Conversely, photon-counting detectors directly convert X-ray photons in electric signal, without the need of generating visible light. The height of the electrical pulses generated by each photon is proportional to the individual photon energy. The number of pulses exceeding a certain energy (set as threshold) contributes to the genesis of the image, while pulses below the energy threshold are considered as electronic noise and hence excluded from photon counts. Main advantages over photon-counting detectors over energy-integrating detectors are noise reduction and consequent increased signal-to-noise ratio and increased spatial resolution.

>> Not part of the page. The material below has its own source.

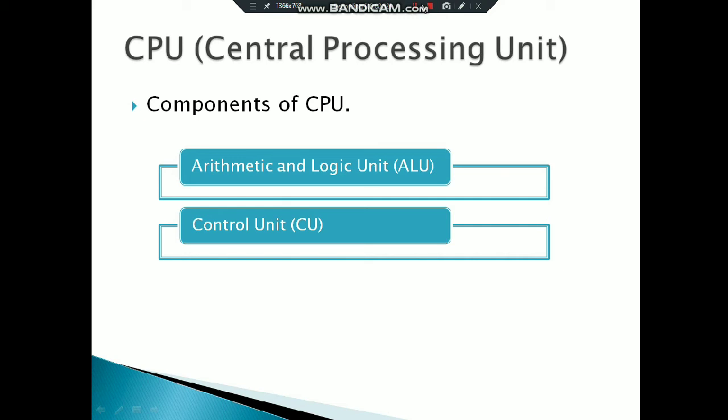Now let's go to Control Unit. Control Unit basically handles the functioning of the processor. It tells the memory, ALU, and input-output devices how to respond to data brought to the processor. It controls the data flow from input devices to memory, and after that, from memory to output devices.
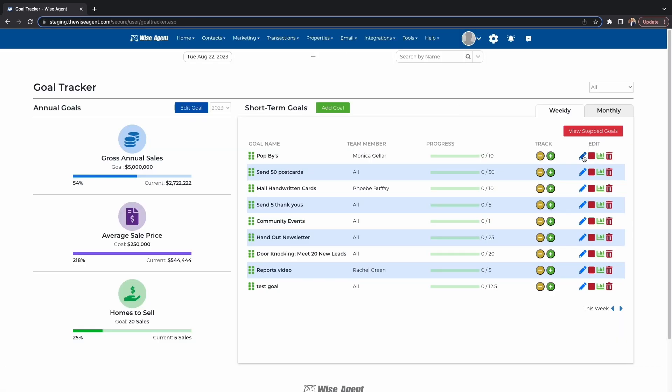You can edit, stop tracking, view analytics, or delete a goal at any time. Make sure you are constantly coming back to this page and updating the progress of your goals. Goals can be updated at any time, and when a goal is complete, you can archive it as well.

More importantly, photon-counting detectors also differentiate multiple contrast agents (such as gadolinium and iodine); such characteristics might result in a single-acquisition multiphasic examination by injecting multiple contrast media at specific time points and then scanning the patient just once, reconstructing arterial and portal venous phase in post-processing. The implementation of this technology would be beneficial in terms of radiation dose savings and small lesion characterization, due to the perfect anatomic match of the different reconstructed phases. Photon-counting CT scanners (Muenzel et al. 2017b; Willemink et al. 2018) for humans are currently available only for research use. Manufacturers and researchers are actively working to optimize such CT systems and implement photon-counting CT in clinical practice in the foreseeable future.